(Task objective) Once you find the line containing "Picture 05 - 1" in the data below, copy it and each following line exactly, up to and including the line containing "Постер альбома Песня", and nothing else.

(Data to examine)
──────────────────────────────

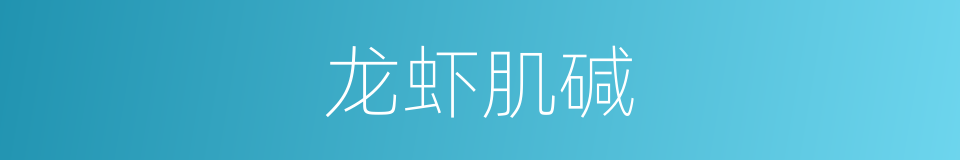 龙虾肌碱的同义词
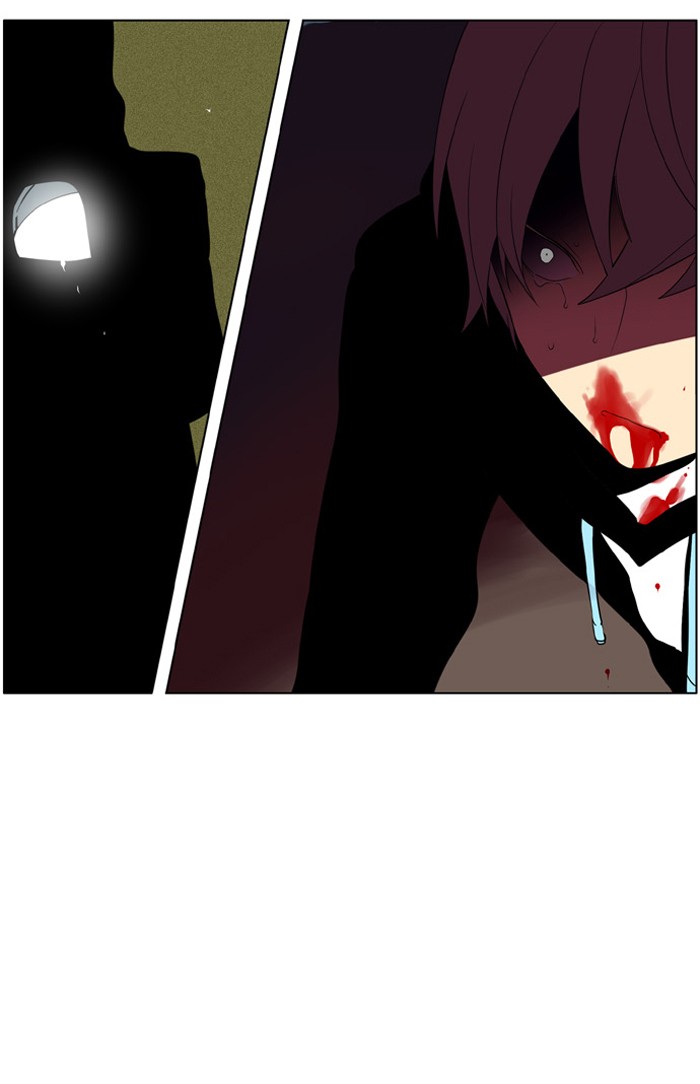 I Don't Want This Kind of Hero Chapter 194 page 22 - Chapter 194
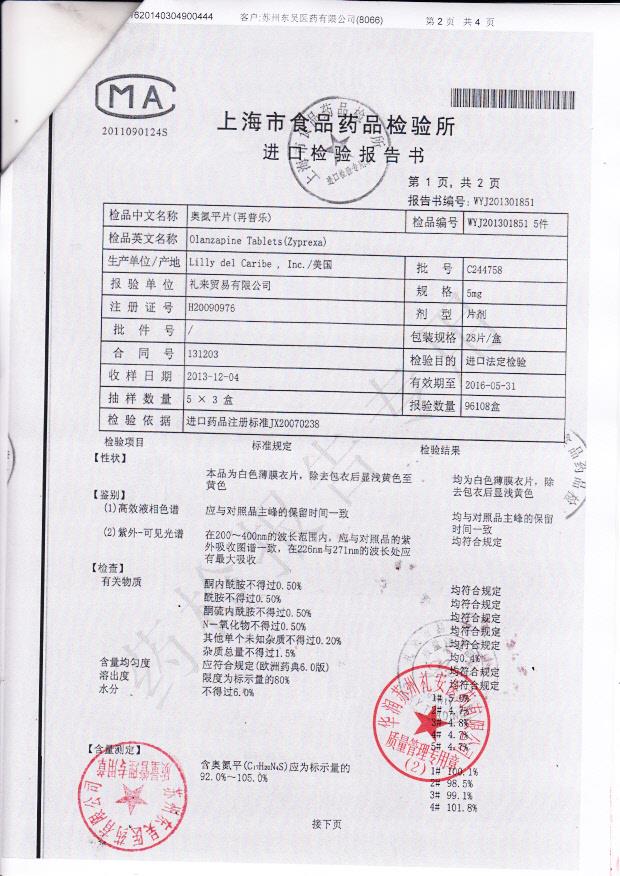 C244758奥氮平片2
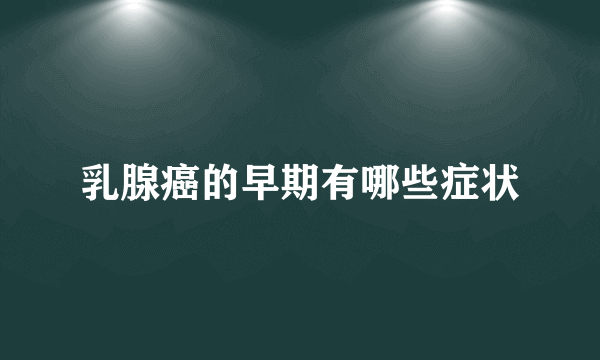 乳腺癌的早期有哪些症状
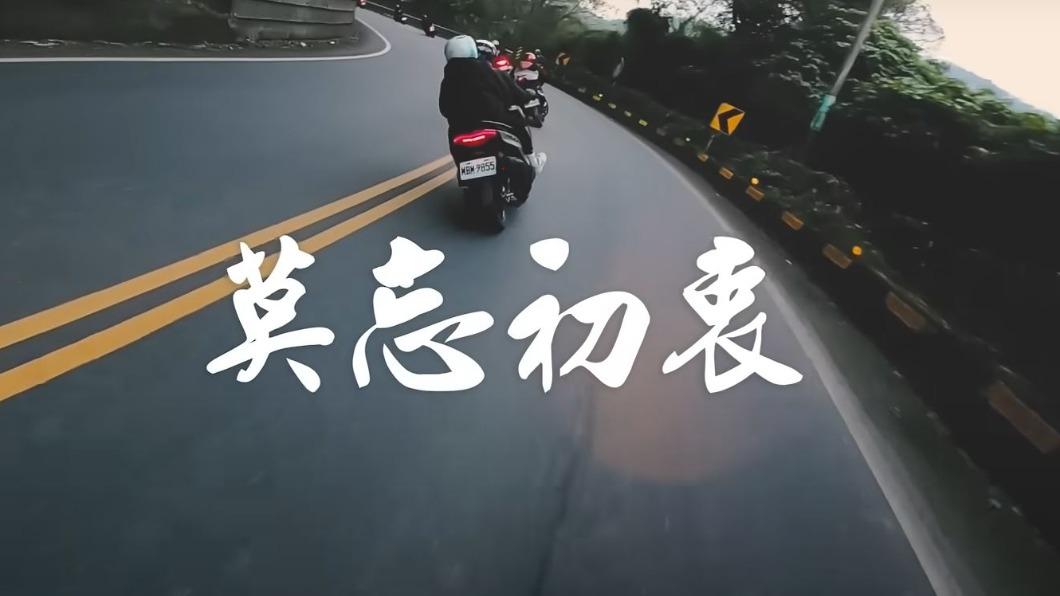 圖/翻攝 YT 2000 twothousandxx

──────────────────────────────

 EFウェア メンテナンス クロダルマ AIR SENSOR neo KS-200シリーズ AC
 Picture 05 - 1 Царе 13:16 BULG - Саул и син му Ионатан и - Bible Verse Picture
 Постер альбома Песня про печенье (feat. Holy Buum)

──────────────────────────────

(Response to this exercise)
 Picture 05 - 1 Царе 13:16 BULG - Саул и син му Ионатан и - Bible Verse Picture
 Постер альбома Песня про печенье (feat. Holy Buum)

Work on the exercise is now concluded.